The DeFi-focused Layer 1 began out sizzling, however is struggling to retain customers.
Berachain, the hyped DeFi-focused Layer 1 blockchain that launched in February, is struggling, with its key metrics in free fall.
Berachain launched its mainnet and token on Feb. 6, with the token opening at a $900 million market capitalization, and the chain’s whole worth locked (TVL) reaching $3.5 billion inside two months of its launch.
Since then, Berachain’s TVL has decreased by 71% to $990 million, its token worth has dropped by 72% to $2.4 from its opening day all-time excessive of $8.6, and month-to-month energetic customers have declined by 85% from 2.2 million in February and March to only 330,000 at present.

The ecosystem has been struggling vital outflows since April, probably as a result of a discount in incentives and rewards meant to draw customers to the community.

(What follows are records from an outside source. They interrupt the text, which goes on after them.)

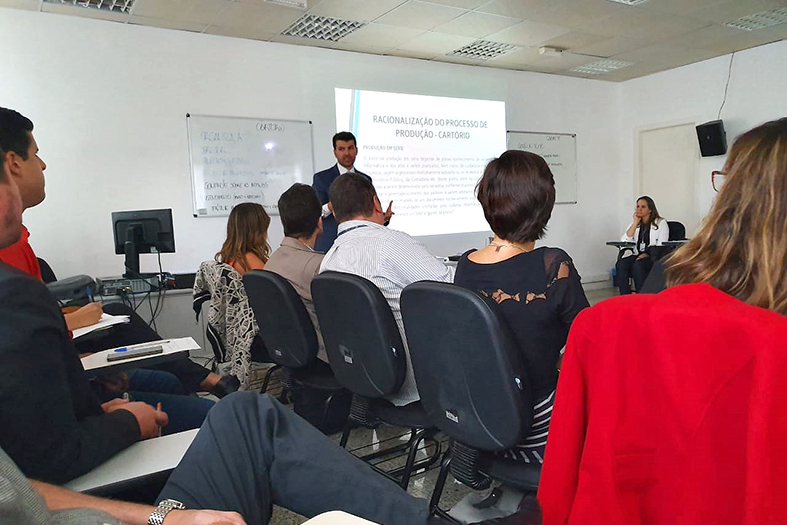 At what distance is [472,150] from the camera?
6.34m

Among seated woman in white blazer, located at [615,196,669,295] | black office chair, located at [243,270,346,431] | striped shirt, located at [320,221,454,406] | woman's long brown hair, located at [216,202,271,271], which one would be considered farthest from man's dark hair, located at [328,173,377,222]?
seated woman in white blazer, located at [615,196,669,295]

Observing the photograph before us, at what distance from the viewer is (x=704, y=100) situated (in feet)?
22.0

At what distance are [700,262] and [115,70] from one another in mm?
4765

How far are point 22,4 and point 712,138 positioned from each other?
22.7ft

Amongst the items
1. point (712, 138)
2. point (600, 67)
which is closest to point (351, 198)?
point (600, 67)

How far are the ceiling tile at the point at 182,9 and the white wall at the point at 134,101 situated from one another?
28 cm

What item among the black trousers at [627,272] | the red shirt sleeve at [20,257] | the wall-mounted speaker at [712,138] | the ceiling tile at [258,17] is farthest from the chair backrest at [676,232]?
the red shirt sleeve at [20,257]

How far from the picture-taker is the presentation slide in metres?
5.64

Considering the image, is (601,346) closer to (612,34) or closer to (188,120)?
(188,120)

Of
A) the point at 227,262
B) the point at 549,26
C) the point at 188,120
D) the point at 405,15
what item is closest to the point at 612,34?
the point at 549,26

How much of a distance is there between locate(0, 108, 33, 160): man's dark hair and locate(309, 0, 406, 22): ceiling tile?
2990 millimetres

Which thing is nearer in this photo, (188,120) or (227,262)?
(227,262)

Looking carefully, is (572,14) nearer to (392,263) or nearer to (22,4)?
(392,263)

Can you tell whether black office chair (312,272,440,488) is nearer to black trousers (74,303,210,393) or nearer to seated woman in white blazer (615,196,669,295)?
black trousers (74,303,210,393)
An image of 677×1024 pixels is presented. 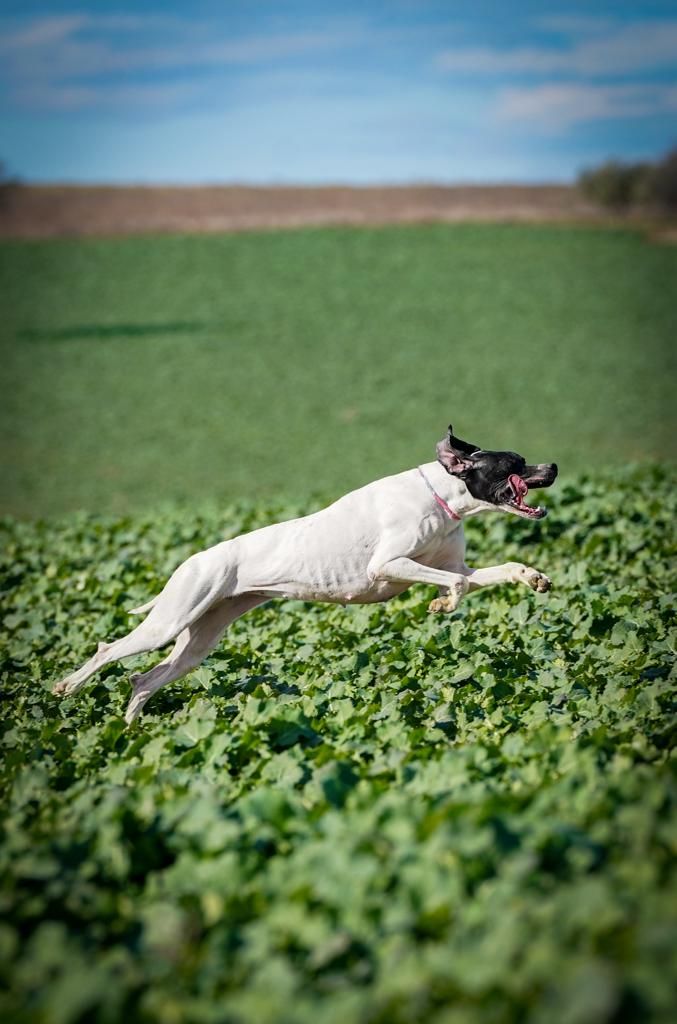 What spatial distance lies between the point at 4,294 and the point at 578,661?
133 feet

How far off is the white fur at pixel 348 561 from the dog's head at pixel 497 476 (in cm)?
8

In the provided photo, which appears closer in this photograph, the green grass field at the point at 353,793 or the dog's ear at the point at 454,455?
the green grass field at the point at 353,793

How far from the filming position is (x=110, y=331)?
39594 millimetres

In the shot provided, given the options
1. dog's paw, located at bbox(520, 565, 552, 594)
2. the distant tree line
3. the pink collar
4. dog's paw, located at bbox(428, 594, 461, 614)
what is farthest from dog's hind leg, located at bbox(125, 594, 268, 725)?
the distant tree line

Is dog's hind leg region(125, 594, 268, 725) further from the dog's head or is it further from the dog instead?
the dog's head

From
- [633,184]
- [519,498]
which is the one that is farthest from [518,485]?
[633,184]

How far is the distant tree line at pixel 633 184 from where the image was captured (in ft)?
190

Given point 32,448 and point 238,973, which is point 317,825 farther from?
point 32,448

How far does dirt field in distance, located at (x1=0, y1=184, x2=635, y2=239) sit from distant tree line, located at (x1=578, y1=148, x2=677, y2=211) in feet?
4.12

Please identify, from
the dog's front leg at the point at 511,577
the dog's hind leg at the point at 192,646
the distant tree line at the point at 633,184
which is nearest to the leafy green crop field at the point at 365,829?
the dog's hind leg at the point at 192,646

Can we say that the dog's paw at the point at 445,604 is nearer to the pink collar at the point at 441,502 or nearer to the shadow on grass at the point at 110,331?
the pink collar at the point at 441,502

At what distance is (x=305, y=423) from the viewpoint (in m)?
30.0

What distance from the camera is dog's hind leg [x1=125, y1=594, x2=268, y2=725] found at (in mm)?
6797

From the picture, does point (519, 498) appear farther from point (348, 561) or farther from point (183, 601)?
point (183, 601) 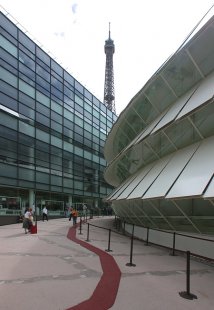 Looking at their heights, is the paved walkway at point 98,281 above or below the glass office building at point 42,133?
below

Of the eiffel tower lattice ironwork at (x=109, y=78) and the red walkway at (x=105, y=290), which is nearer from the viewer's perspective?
the red walkway at (x=105, y=290)

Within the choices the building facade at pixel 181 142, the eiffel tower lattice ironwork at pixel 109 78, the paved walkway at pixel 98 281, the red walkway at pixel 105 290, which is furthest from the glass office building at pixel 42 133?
the eiffel tower lattice ironwork at pixel 109 78

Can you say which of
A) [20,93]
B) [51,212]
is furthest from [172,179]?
[51,212]

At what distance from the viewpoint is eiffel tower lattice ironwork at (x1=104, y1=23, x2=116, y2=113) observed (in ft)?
287

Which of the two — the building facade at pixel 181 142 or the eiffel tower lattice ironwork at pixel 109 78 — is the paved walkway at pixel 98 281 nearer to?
the building facade at pixel 181 142

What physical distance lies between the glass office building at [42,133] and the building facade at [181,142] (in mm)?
16412

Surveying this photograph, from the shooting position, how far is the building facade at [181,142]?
12.0 m

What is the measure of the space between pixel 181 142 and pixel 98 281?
28.2 feet

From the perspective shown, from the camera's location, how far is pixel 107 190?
202 ft

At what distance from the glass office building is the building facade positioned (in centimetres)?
1641

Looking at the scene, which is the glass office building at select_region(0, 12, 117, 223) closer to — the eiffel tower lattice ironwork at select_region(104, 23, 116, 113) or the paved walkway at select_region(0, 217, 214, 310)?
the paved walkway at select_region(0, 217, 214, 310)

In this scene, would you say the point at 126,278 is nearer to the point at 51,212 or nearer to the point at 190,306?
the point at 190,306

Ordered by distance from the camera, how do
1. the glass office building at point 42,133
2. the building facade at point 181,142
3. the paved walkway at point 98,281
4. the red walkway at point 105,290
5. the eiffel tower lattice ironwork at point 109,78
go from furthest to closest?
1. the eiffel tower lattice ironwork at point 109,78
2. the glass office building at point 42,133
3. the building facade at point 181,142
4. the paved walkway at point 98,281
5. the red walkway at point 105,290

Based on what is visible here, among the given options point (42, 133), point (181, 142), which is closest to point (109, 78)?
point (42, 133) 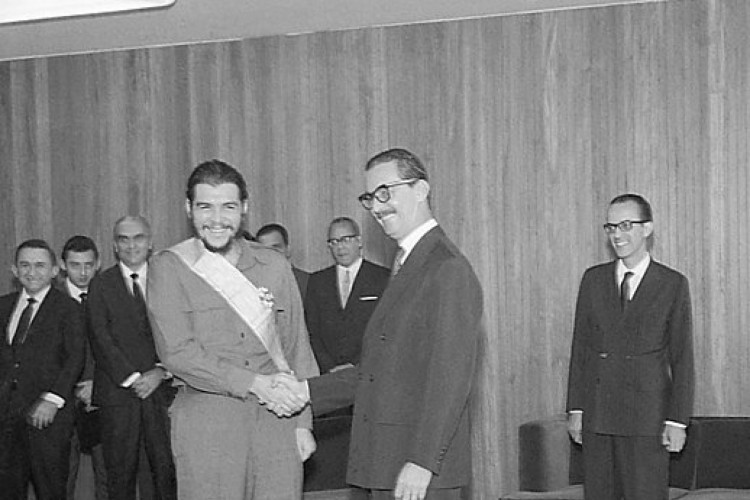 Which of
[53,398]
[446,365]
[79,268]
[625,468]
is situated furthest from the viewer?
[79,268]

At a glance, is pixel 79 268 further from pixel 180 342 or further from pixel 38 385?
pixel 180 342

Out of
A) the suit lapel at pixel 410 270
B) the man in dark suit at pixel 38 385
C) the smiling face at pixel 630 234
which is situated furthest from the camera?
the man in dark suit at pixel 38 385

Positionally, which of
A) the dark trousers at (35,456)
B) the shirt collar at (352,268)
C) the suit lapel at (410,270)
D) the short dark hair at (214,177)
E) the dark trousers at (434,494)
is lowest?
the dark trousers at (35,456)

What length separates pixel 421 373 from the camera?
3.67 meters

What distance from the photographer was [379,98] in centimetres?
812

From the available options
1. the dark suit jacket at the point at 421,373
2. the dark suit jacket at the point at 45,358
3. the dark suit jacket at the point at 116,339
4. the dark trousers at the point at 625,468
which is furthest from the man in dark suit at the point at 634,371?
the dark suit jacket at the point at 45,358

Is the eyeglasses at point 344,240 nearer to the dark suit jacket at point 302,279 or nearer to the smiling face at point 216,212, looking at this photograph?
the dark suit jacket at point 302,279

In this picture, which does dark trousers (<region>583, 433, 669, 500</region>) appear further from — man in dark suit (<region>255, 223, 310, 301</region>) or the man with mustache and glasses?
man in dark suit (<region>255, 223, 310, 301</region>)

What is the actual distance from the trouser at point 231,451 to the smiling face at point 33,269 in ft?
9.76

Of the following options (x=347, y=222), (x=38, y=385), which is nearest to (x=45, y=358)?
(x=38, y=385)

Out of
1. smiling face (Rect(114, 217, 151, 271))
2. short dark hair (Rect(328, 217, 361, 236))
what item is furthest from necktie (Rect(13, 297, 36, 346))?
short dark hair (Rect(328, 217, 361, 236))

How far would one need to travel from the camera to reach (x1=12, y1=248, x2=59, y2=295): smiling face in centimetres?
660

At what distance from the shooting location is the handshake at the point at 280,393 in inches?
149

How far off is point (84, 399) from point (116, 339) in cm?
64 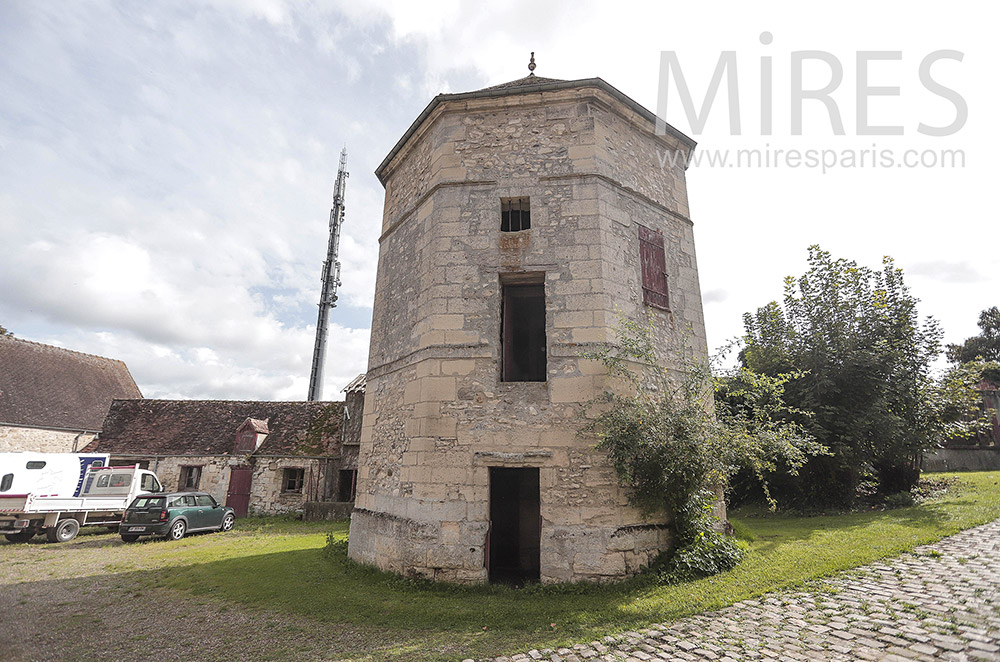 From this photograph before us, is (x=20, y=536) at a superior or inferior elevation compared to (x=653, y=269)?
inferior

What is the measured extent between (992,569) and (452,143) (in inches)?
413

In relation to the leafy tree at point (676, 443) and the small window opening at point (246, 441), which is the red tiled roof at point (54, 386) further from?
the leafy tree at point (676, 443)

Berachain additionally depends on a token flywheel impact by way of its Proof-of-Liquidity mechanism, which implies that a falling token worth ends in much less beneficiant incentives.
The complexity of the Proof-of-Liquidity design may contribute to the shortage of curiosity within the chain, because it includes a number of tokens and shifting components inside a DeFi ecosystem, which may show difficult for customers preferring an easier design.